_Aim of the exercise_
In the listing below, the lines starting with the line with "Fast Metabolism Diet" and going on through the line with "白酒研究的现状分析，白酒行业研究现状" are to be reproduced exactly, and only those.

_Data for review_
=== Begin Enclosure ===

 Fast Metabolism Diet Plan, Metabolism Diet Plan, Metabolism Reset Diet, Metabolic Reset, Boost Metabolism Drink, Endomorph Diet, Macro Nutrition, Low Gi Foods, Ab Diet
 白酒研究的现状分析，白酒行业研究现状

=== End Enclosure ===
=== Begin Enclosure ===

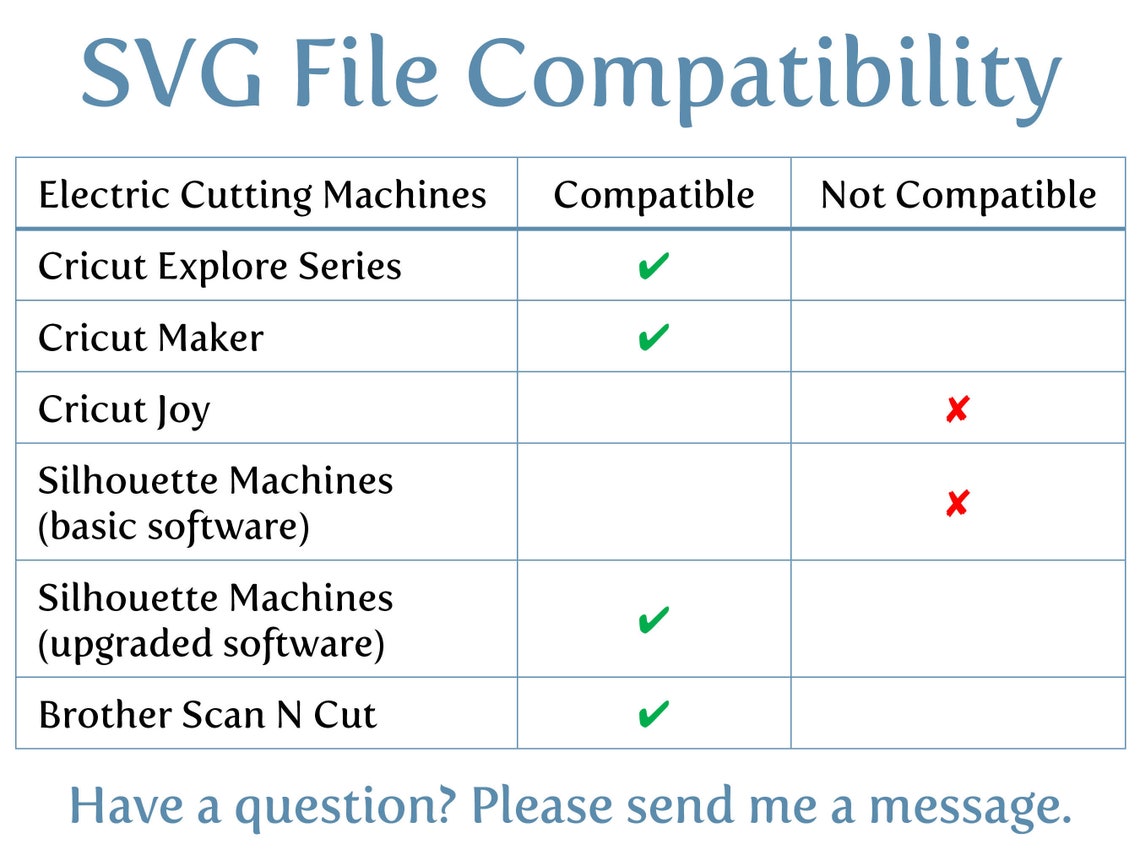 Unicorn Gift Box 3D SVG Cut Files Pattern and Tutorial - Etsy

=== End Enclosure ===

_Solution_
 Fast Metabolism Diet Plan, Metabolism Diet Plan, Metabolism Reset Diet, Metabolic Reset, Boost Metabolism Drink, Endomorph Diet, Macro Nutrition, Low Gi Foods, Ab Diet
 白酒研究的现状分析，白酒行业研究现状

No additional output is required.